-- BRIEF --
There is one span to output from the data below: the lines starting at the line with "minder winst mediamarkt" and ending at the line with "Cooper & Cow, Steakhouse". Output it exactly, ends included, nothing more.

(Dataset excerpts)
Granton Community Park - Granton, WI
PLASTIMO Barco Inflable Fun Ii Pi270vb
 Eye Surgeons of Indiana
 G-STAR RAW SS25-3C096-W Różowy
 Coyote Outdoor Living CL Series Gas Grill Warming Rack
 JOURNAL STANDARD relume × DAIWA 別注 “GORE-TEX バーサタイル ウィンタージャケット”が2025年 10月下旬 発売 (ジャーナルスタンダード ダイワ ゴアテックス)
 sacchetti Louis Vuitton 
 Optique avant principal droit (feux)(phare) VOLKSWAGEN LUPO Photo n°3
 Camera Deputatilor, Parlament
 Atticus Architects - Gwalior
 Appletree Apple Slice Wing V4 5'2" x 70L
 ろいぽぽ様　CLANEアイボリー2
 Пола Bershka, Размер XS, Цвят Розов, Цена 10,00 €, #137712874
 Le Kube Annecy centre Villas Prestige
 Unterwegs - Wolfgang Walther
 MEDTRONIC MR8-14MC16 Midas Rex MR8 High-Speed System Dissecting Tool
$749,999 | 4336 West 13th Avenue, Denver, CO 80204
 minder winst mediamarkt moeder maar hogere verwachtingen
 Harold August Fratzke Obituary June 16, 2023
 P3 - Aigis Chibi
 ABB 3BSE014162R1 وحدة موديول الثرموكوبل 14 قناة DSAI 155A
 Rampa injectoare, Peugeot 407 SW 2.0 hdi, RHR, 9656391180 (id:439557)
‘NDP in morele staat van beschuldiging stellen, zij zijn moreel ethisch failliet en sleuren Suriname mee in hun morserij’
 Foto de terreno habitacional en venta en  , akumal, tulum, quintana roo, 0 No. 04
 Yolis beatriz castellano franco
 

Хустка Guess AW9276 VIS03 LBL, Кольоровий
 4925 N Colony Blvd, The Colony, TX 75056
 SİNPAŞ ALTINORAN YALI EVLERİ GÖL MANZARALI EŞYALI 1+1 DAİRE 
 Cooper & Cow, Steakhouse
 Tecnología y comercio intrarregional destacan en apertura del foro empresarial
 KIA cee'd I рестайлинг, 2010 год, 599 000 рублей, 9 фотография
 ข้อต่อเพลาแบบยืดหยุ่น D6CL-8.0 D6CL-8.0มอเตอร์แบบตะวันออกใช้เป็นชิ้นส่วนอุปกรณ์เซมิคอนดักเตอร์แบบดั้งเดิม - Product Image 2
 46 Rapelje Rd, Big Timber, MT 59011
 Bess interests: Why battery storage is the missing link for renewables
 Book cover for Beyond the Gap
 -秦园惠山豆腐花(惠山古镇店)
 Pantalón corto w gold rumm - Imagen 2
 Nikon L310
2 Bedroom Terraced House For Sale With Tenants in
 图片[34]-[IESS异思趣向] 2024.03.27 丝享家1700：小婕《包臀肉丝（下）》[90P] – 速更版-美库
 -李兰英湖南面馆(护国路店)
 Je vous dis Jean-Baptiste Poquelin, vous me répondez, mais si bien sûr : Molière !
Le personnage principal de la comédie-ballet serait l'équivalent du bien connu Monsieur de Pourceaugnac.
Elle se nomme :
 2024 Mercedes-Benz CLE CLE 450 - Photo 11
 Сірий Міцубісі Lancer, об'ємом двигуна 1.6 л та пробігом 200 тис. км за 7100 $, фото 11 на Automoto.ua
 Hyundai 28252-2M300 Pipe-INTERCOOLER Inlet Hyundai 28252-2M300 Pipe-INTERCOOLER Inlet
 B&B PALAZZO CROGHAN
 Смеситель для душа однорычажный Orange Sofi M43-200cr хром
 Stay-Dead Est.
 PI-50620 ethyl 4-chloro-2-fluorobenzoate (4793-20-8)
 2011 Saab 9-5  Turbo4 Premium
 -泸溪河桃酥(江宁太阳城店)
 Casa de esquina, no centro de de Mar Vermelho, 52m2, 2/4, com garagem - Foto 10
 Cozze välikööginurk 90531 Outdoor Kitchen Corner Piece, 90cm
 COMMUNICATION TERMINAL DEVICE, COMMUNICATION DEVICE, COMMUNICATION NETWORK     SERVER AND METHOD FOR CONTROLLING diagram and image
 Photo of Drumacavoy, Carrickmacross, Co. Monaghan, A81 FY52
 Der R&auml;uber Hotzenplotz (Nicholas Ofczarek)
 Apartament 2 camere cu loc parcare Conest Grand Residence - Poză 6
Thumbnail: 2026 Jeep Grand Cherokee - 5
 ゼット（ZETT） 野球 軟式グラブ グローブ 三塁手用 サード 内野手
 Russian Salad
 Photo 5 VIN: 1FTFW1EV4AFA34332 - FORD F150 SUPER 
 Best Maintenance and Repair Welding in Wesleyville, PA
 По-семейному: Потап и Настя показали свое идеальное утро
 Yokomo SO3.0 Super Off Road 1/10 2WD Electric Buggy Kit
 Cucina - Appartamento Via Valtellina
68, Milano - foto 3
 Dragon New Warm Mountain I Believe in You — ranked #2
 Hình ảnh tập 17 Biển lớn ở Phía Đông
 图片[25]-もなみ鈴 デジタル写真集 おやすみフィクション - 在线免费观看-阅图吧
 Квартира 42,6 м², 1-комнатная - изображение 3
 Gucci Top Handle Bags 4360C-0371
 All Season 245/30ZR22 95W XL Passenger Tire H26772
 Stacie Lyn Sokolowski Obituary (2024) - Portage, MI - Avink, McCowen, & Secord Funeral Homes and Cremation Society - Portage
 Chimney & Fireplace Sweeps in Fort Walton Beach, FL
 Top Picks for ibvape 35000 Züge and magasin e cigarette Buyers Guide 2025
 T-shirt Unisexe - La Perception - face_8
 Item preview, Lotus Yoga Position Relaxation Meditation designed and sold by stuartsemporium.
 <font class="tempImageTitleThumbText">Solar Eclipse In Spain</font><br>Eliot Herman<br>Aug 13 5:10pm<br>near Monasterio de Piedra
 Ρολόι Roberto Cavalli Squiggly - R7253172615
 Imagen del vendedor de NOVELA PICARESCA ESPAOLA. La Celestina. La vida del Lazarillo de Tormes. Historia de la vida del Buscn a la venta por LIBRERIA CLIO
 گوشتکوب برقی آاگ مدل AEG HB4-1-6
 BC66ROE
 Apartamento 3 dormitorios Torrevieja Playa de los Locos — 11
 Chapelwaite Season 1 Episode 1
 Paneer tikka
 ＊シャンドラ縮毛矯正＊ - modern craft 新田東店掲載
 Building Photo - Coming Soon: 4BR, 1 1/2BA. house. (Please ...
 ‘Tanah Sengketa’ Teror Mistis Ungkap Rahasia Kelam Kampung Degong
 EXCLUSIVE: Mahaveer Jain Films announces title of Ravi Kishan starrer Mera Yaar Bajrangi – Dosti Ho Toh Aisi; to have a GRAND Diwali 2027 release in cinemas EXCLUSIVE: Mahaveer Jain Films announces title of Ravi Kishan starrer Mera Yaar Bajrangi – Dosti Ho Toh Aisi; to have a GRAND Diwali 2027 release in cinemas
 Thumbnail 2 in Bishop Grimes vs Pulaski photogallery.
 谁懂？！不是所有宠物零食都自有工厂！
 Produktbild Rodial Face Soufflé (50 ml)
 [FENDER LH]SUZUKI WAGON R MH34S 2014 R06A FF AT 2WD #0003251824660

-- RESPONSE AREA --
 minder winst mediamarkt moeder maar hogere verwachtingen
 Harold August Fratzke Obituary June 16, 2023
 P3 - Aigis Chibi
 ABB 3BSE014162R1 وحدة موديول الثرموكوبل 14 قناة DSAI 155A
 Rampa injectoare, Peugeot 407 SW 2.0 hdi, RHR, 9656391180 (id:439557)
‘NDP in morele staat van beschuldiging stellen, zij zijn moreel ethisch failliet en sleuren Suriname mee in hun morserij’
 Foto de terreno habitacional en venta en  , akumal, tulum, quintana roo, 0 No. 04
 Yolis beatriz castellano franco
 

Хустка Guess AW9276 VIS03 LBL, Кольоровий
 4925 N Colony Blvd, The Colony, TX 75056
 SİNPAŞ ALTINORAN YALI EVLERİ GÖL MANZARALI EŞYALI 1+1 DAİRE 
 Cooper & Cow, Steakhouse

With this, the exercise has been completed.